Si un procès verbal a été dressé en raison de travaux et construction exécutés en contrariété avec les règles d’urbanisme, l’autorité compétente peut mettre en demeure le propriétaire d’y remédier en procédant aux opérations nécessaires à sa mise en conformité.
Le Conseil d’Etat précise que lorsque la mise en demeure prescrit une mise en conformité impliquant la démolition de constructions, le propriétaire qui entend demander sa suspension par voie de référé voit en principe remplie la condition d’urgence, sauf à ce que l’autorité administrative justifie de circonstances particulières faisant apparaître, soit que l’exécution de la mesure de démolition n’affecterait pas gravement la situation de l’intéressé, soit qu’un intérêt public s’attache à l’exécution rapide de cette mesure.

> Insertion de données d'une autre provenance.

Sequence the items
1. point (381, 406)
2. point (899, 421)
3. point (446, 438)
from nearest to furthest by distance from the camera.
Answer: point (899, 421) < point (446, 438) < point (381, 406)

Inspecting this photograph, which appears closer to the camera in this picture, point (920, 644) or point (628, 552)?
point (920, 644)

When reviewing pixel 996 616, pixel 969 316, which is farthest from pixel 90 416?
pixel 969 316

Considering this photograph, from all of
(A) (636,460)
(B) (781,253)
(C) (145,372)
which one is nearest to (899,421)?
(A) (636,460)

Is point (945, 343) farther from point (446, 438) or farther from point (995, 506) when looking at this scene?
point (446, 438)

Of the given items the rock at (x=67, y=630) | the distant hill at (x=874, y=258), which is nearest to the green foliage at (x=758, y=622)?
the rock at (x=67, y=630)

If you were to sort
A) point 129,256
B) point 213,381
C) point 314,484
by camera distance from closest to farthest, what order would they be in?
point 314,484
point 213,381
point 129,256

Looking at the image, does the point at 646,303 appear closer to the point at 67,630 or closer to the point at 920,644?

Preuve de l’affectation d’un bien à usage d’habitation
Pour démontrer qu’un local est à usage d’habitation au 1er janvier 1970, la production de la fiche modèle R ne suffit pas.

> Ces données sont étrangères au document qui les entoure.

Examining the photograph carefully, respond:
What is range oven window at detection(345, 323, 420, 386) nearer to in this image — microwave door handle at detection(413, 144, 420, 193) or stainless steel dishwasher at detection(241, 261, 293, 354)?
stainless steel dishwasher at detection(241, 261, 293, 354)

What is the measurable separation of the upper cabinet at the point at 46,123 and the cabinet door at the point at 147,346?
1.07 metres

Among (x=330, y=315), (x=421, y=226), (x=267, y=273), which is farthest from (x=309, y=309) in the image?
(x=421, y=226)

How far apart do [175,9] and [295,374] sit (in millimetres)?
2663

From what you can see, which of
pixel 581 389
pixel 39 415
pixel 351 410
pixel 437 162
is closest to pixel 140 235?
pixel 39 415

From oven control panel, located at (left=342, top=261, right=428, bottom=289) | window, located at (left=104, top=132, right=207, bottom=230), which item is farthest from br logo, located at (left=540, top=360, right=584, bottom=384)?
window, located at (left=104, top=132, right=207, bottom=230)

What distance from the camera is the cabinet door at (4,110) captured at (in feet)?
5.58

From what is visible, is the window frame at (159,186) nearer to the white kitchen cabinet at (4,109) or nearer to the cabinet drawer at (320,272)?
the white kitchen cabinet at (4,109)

La Cour de cassation rappelle qu’un local est réputé à usage d’habitation s’il était affecté à cet usage au 1er janvier 1970 et que cette affectation peut être établie par tout mode de preuve conformément à l’article L. 631-7 du code de la construction et de l’habitation. Ainsi la Cour d’appel de Paris a relevé, à bon droit, « que la fiche modèle R avait pour seul objet de décrire la situation de l’immeuble à la date de sa souscription, le 9 octobre 1970, ce seul élément ne permettant pas de déduire l’usage des lieux au 1er janvier 1970 ».
Ainsi, la fiche modèle R renseignée par les redevables de la contribution foncière ayant pour objet de décrire la situation de l’immeuble à la date de sa souscription, les mentions apposées sur un formulaire souscrit après le 1er janvier 1970 sont inopérantes pour en établir l’usage d’habitation à cette date.